Over on the story front however, we must admit things are a little less cut and dry and it’s here where Raya falls a little short.
The plot is a classic quest storyline as Raya seeks out the films maguffins, gathering a party to her cause as she goes and facing up to her own shortcomings to find a way to save the world - and that’s all really great. Raya and Sisu are the heart and soul of the film as they should be and they absolutely shine here. Awkwafina brings the same sas and energy to Sisu as she brought to Peik Lin in Crazy Rich Asians and she basically functions as a female version of Robin Williams' Genie from Aladdin. And unlike another actor who attempted this not too log ago, she pulls it off, which frankly is high praise! Meanwhile Kelly Marie Tran, replacing the originally cast Cassie Steele, as Raya (one wonders if this was in part an olive branch after the terrible way she was treated over Star Wars…) and she gives Raya a genuine strength that allows the character to carry the film.
The issues lie not with them but in the side cast and the way the film appears to have been forced to sacrifice parts of itself in order to include them. You see, whilst we certainly have no insider knowledge, it seems painfully clear that the film originally had far more interaction and a much bigger character arc between Raya and the film's antagonist, Namaari. A lot of this remains but whilst their spectacular fight scenes are glorious to behold the rest is so truncated that the nuance the relationship needs feels lacking.
One rather suspects the directive came from Disney to cut out what could well have been a romantic aspect of the characters relationship (enough is left in the subtlety’s of the animation to suggest this was the case) and instead to allocate that time to...sigh...comedy sidekicks. Their sole purpose is seemingly to pander to the little kiddies who can’t go 30 seconds without dumb physical comedy to keep them entertained. It doesn't hurt toy sales either, the same reason that Sven, Olaf and Kristoff were in Frozen 2 so much despite having no impact on any of the important plot beats).

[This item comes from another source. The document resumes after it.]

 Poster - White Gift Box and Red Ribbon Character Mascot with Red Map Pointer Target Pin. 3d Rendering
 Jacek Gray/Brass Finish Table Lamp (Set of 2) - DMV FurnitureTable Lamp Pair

The thing is that Sisu is already the comedy sidekick, so adding another SIX is just utterly superfluous. Benedict Wong’s Tong (stop laughing you dirty minded people, you know who you are...), at least brings some depth and slightly subversive dialogue to the table but the rest, consisting of a young boy chef and three monkeys accompanied by a toddler who isn’t old enough to speak but is somehow magically able to understand how to be an expert thief and follow complex instructions, are just such obvious and unnecessary fluff. Frankly they aren’t really very funny either.
The end result when you add it all together is that Disney could have had a spectacular, genre defining film, but instead they chose to take a path that adhered more closely to their tried and true formulas. That’s not to say the end result isn’t good because it’s really good, certainly the best from the studio since 2016 brought us that glorious tag-team of Moana and Zootopia, and you will definatley find a lot to like here. It’s just that you will also be left wondering how it could have turned out if Disney hadn’t played things so safe.